The White House … and for the life of me, I wish they would stop with that, for I would like to know precisely who is saying what, and I am smart enough to realize that the White House itself cannot speak, so it was a person within the administration, but WHO??? The “White House” official defense was …
“The president said very strongly in his statement yesterday that he condemns all forms of violence, bigotry and hatred. Of course that includes white supremacists, KKK, neo-Nazi and all extremist groups.”
I don’t want to hear the “White House” defend, justify or explain Trump’s remarks. I want to hear from Trump exactly what he meant. I want to hear Trump come out and call a spade a bloody shovel, call this act by its rightful names: terrorism, racism, anti-Semitism and white supremacy.
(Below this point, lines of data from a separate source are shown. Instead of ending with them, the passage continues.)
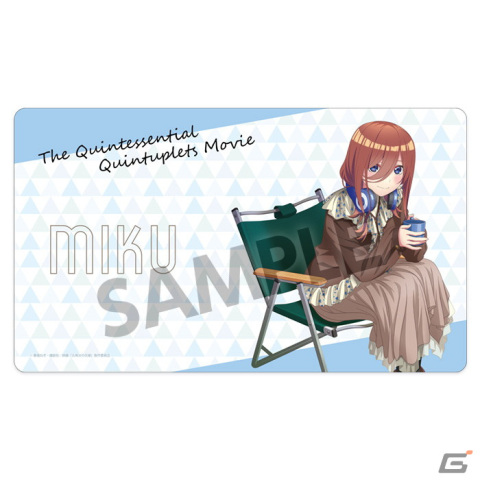 「映画 五等分の花嫁」キャンプ ver.のB1タペストリー、B2タペストリー、アクリルフィギュアなどがホビーストックより登場の画像29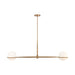 Minka-Lavery - 12507-732 - Two Light Linear Chandelier - Orstyn - Legacy Brass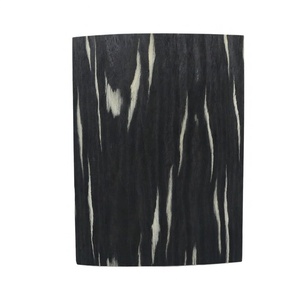 Durable Eco Friendly Engineered Ebony <b>Veneer</b> Panels Rotary Cut 2500x640mm High Quality for Furniture and Doors - Product Image 1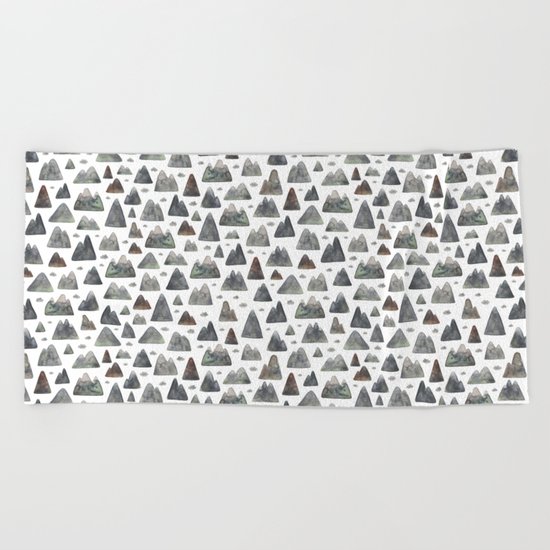 Little Mountain Range Beach Towel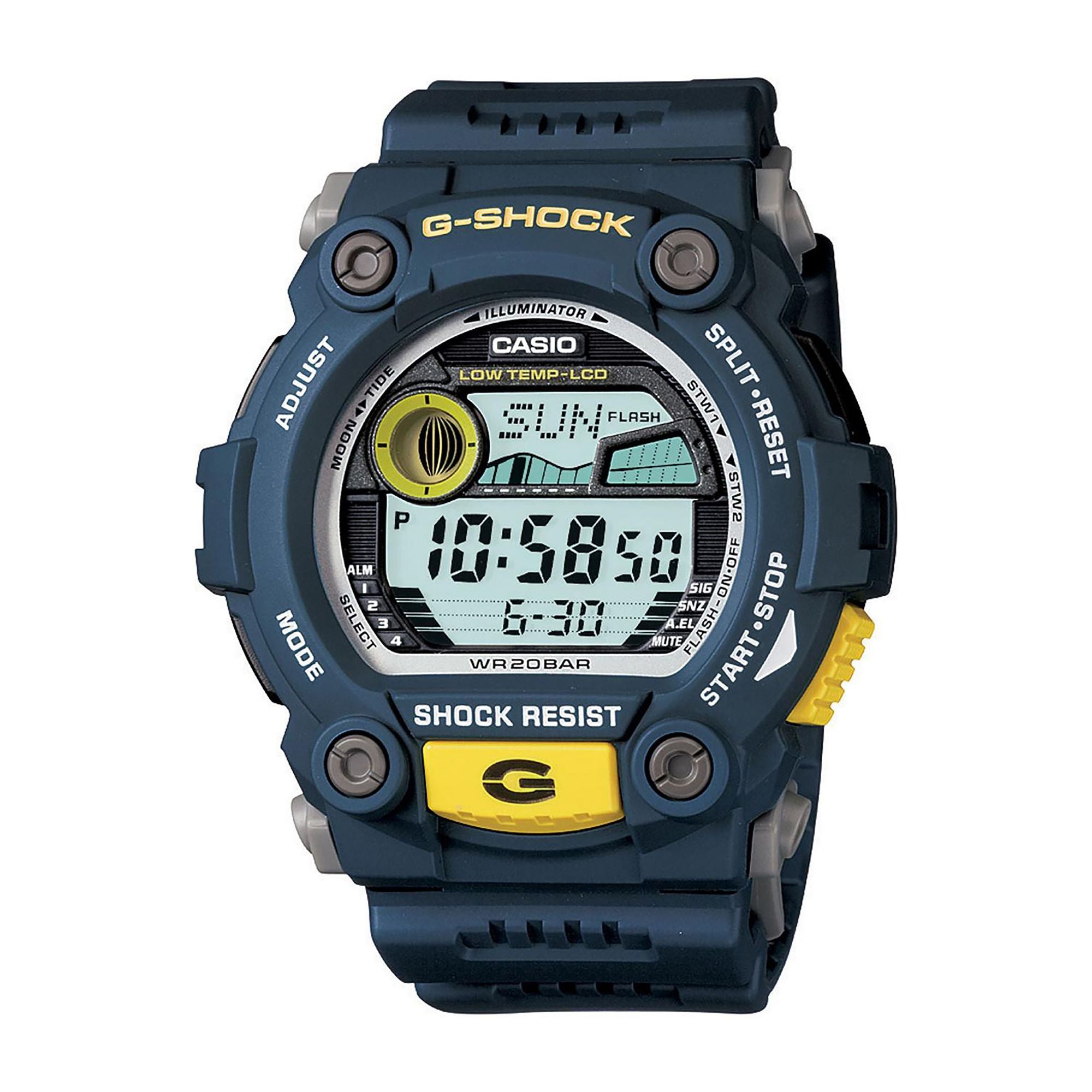 Men's 52mm Casio G-SHOCK Digital Watch - Resin Band, World Time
I want to hear him say that he will do everything in his power to put down white supremacist and neo-Nazi groups. I don’t care what Kellyanne Conway or Sarah Huckabee Sanders or some anonymous “White House spokesperson” has to say … I want it out of the horse’s mouth, and if the horse is too damn cowardly to speak out against the racists that put him into office, then I want an apology from him and I want him to admit that he is not capable of doing the job and step down. Period.
Saturday’s events were horrific in and of themselves. But they were compounded by a lack of law enforcement on the scene, and an almost uninterested response from the man who the white supremacists put into office last November. As I have said many times of late, I thought we were better than this. Today, I realize that, while some of us ARE better than this, and it is unfair to judge all by the actions of a few … still, as a nation, the way we will be judged by other nations … we are not better than this. Can we be someday? I don’t know … that depends on the path the leadership and the people take. I am encouraged by the voices, previously silent, that are speaking out against white supremacy, against hate. But is it enough, when we do not have humanitarian and compassionate leadership? I do not know.